Para muestra, el empeño de las
entidades bancarias en proponernos operaciones que debemos hacer nosotros
mismos – manteniendo las comisiones- para cualquier gestión. No se conforman
con que sepamos sacar dinero del cajero automático, sino que insisten para que
aprendamos a pagar con el móvil y otras tareas que harán innecesarios los
puestos de trabajo de los mismos que nos enseñan.

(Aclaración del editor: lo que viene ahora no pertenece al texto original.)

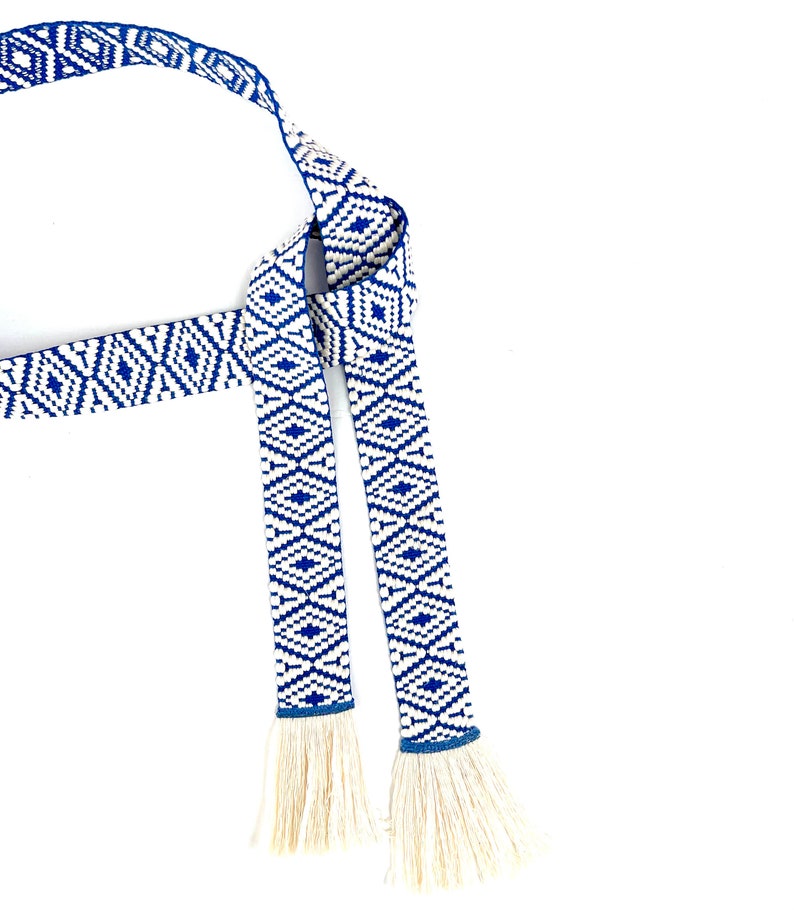 May include: A blue and white woven belt with tassels. The belt has a geometric pattern and is tied in a knot.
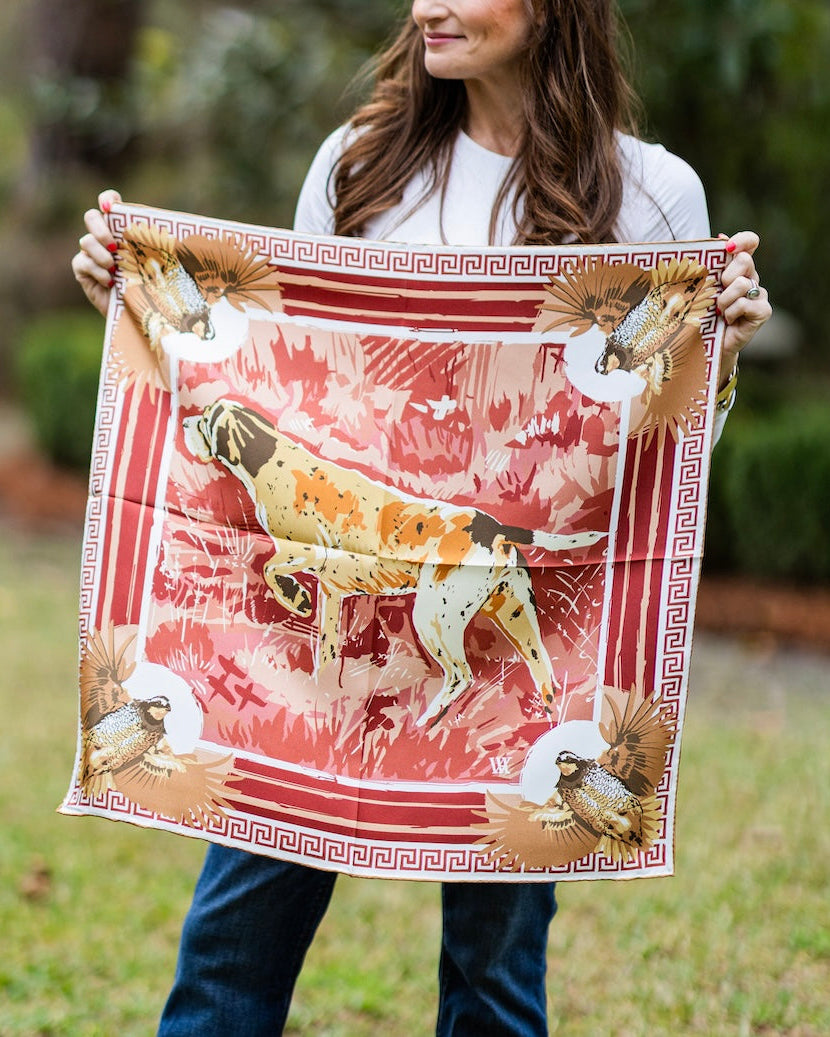 woman holding a wine colored silk scarf with a bird dog and quail design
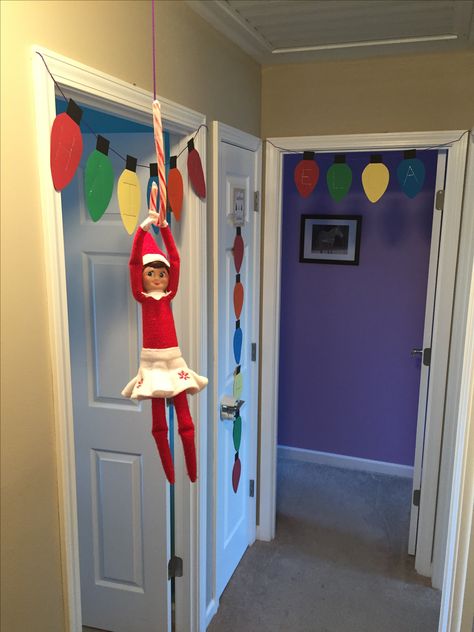 Elf Christmas Lights, Elf On A Shelf Door Decorating Ideas, Elf On The Shelf Wrapped In Lights, Elf On The Shelf Christmas Lights, Elf On The Shelf Christmas Countdown, Elf Countdown To Christmas, Last Day Elf On The Shelf Ideas, Elf On The Shelf Ideas Hanging, Elf On The Shelf Countdown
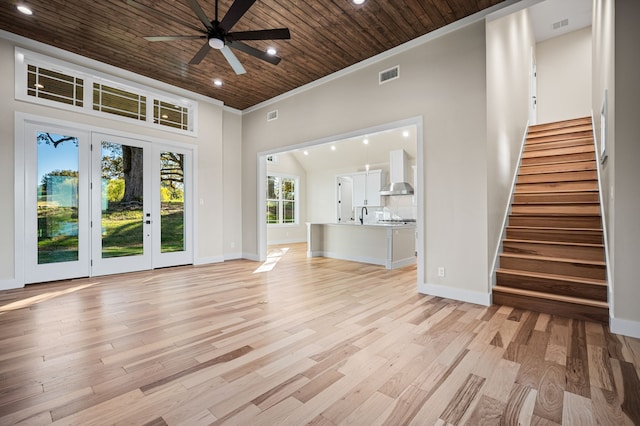 unfurnished living room with ceiling fan, light hardwood / wood-style floors, wood ceiling, and crown molding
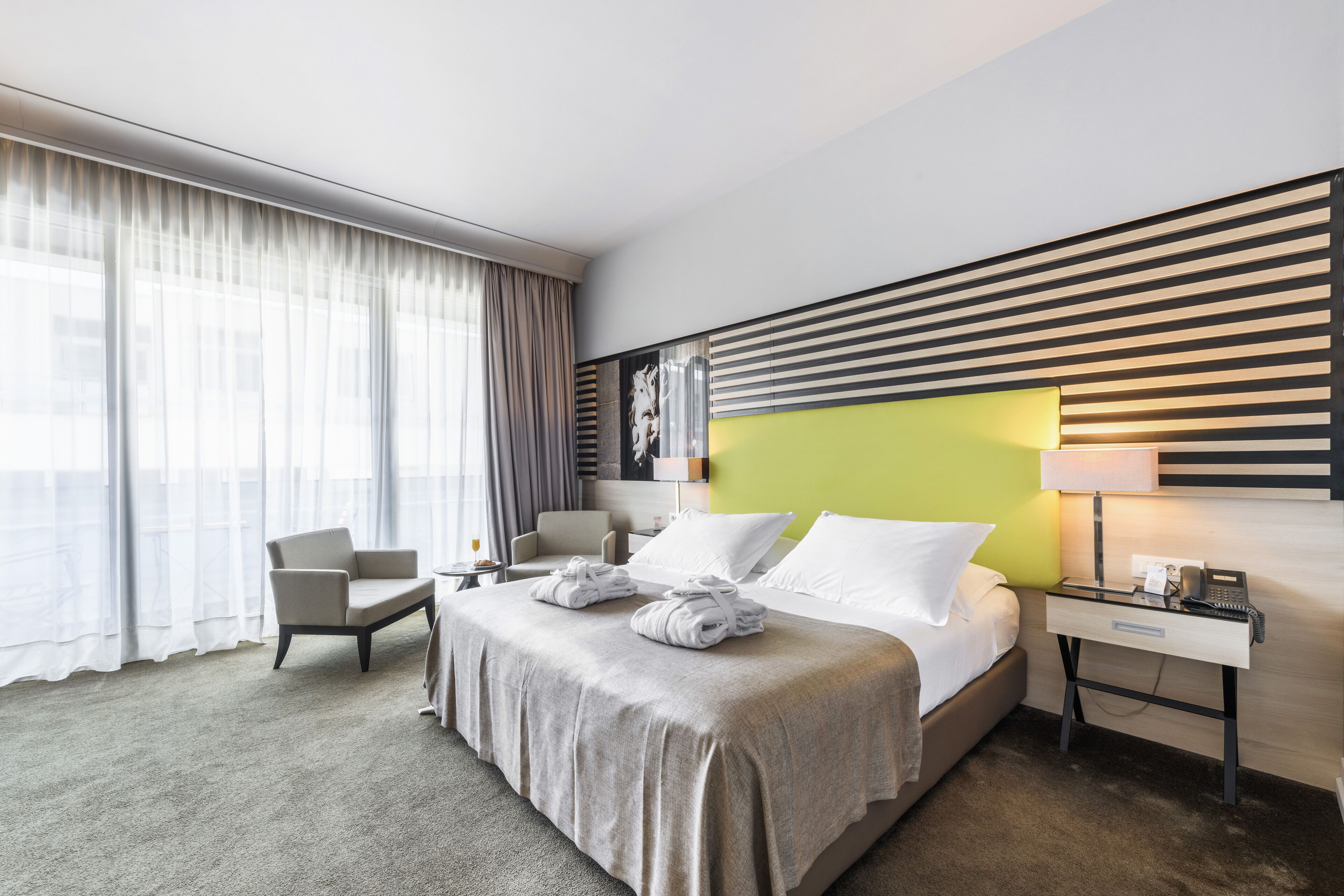 A hotel room with a large bed, a desk, a chair, and a window with curtains.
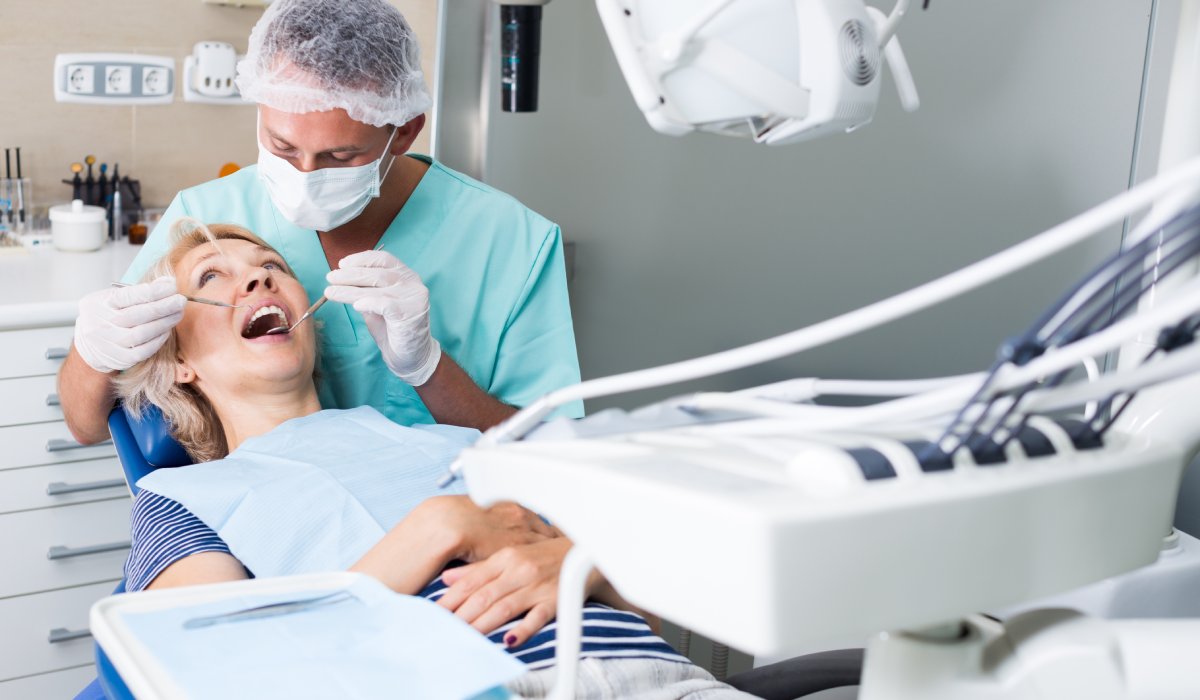 A male dentist wearing gloves and a face mask using stainless steel tools to treat a female patient's mouth.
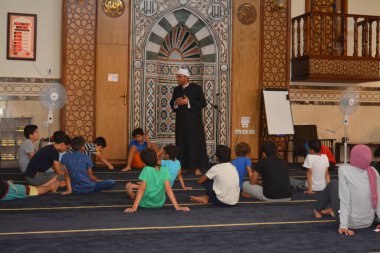 Cairo, Egypt, August 7 2022: A mosque preacher Imam performs a religious Khutbah (sermon) for young Muslim children inside a mosque during the summer Islamic educational program for kids in the mosque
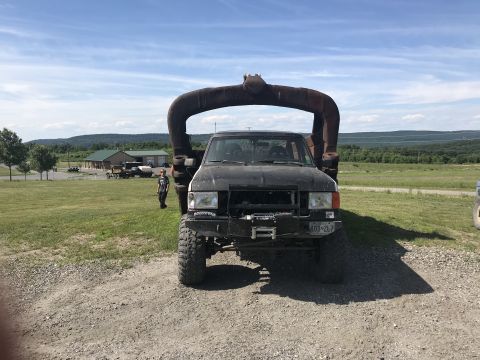 1989 Ford Bronco - This 1989 Ford Bronco has a unique metal structure attached over the cab.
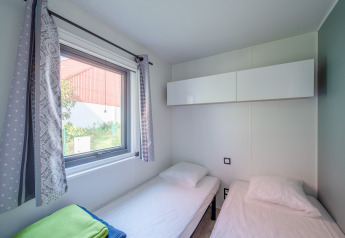 Værelse med to enkeltsenge, store vinduer med gardiner og moderne opbevaringsskabe på Camping Seasonova.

El contagio se extiende. Hace
meses protagonicé un episodio que, de haber sido grabado con una cámara oculta,
lo propondría como paradigma de la torpeza con título universitario. Era en la
estación de cercanías de Atocha, donde constaté que hablar el idioma, pedir y
pagar un billete, no era suficiente. Necesitas bastante intuición, algo de
suerte y mucha paciencia. Ante varias máquinas expendedoras, me puse en la cola
de una, entendiendo al momento por qué van tan lentas. Las dos primeras opciones
del monstruo suelen ser claras, hasta que la cosa empieza a complicarse cuando
no aparece la que quieres. Sin alternativa ni marcha atrás, te agobia la sensación
de fracaso y la impaciencia de los que te siguen. Aceptas un pequeño debate
abierto en el que percibes que cada uno sabe su ruta y te aportan sólo tentativas
que ya has probado sin éxito. Por fin aparece una auxiliar uniformada que
explica poco, trastea la máquina a una velocidad que te impide aprender y deja
claro tu analfabetismo tecnológico mientras se desplaza sin despedida a la
máquina de al lado en la que otro inexperto repite tus torpezas. Solucionado,
si no fuera porque los billetes pagados no aparecen por más que husmeas todas las
oquedades visibles. Apelas a la sabia, que rechaza tu ruego porque ya está en
otra tarea, cuando se adelanta un alma caritativa para advertirte que allí, más
abajo de tus rodillas, lejos de tu campo visual y de la zona de acción, se
encuentra el objeto de tu deseo.
Agradeces el detalle y para
acertar con tu tren, recurres a una oficina de información, porque no
encuentras a la vista ningún cartel que indique la dirección buscada. Es muy
fácil, lo sé, pero soy torpe. Me están haciendo torpe, a pesar de que no
aceptaba ese término para nadie y me consideraba, por lo menos, del montón. Haga
una prueba parecida el lector, y sáqueme de dudas, se lo ruego. Recuerdo que
cuando estudié algo de enseñanza programada descubrí una metodología de
aprendizaje autodidacta que manejaba todas las posibilidades lógicas de un
proyecto y conducía inequívocamente a diversas soluciones dependiendo de la
ruta elegida, pero siempre con alternativas claras y evitando los caminos sin
salida. No encuentro estas condiciones en la mayoría de los automatismos que
nos van imponiendo, aunque creo que si ha de ser, debería hacerse, al menos,
con pruebas de evitación del fracaso.